(3) 首都基礎自治体(ストリチナ・オプシティナ)
近代ブルガリア国家の誕生以来、首都として政治、経済の中心として発展してきたソフィアは、社会主義時代の農業の大規模化、集団化と産業化、都市化政策も手伝って、現在では全人口の1割以上が集中する大都市となっている。これまでも、いくたびか首都基礎自治体についての法律が制定されてきたが、現在はとくに首都ソフィアのみの地方自治、地方行政を定めた法律はない。首都は他の基礎自治体と異なり県と同じ扱いも受けることになる。つまり、住民の地方自治を実践しつつ、国家の地域政策も組織実行するわけで、首都基礎自治体の議会、首長、政府の政治色が一様ではない場合は、状況は複雑になろう。
首都基礎自治体については他の基礎自治体と同様地方自治、地方行政法が基本的な法律である。ただし、首都基礎自治体を構成する区の区分については、人口30万人以上の都市プロヴディフ、ヴァルナとともに首都基礎自治体と大都市の地域区分に関する法において定められている(後述)。
(4) 構成区(クメストヴォ)
構成区は一つあるいは複数の住区からなり基礎自治体を構成する行政・地域単位である。構成区には住民の直接選挙によって選出された構成区長が存在する。構成区長の任期は4年である。
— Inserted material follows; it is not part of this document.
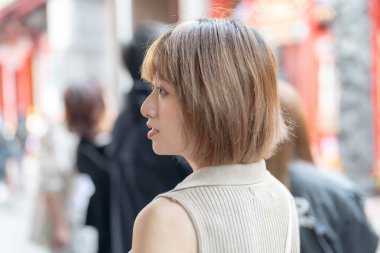 Tayvan 'ın Tayvan bölgesindeki Wanhua semtindeki ünlü Longshan Tapınağı' nda gezen 20 'li yaşlarda krem rengi kıyafetler giyen genç bir Tayvanlı kadın.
しかし、基礎自治体の場合のように議会はなく、独立した予算、あるいは法人格はもっていない。
構成区長の機能は以下のようになっている。
―基礎自治体予算のうち構成区にあてられた予算の執行
―公共事業の実施
―構成区にあてられた基礎自治体財産の運用
―構成区行政に携わる職員の任免
―環境保護
―住民登録
―行政サービス
―社会秩序の維持
―災害、事故に際して住民保護を組織
―住民に対して、また他の社会組織、政治組織や他の構成区に対して当該構成区を代表する
現在構成区が抱える最大の問題は独立した予算、法人格をはじめ、基礎自治体には備わっている諸権利がないことからくる。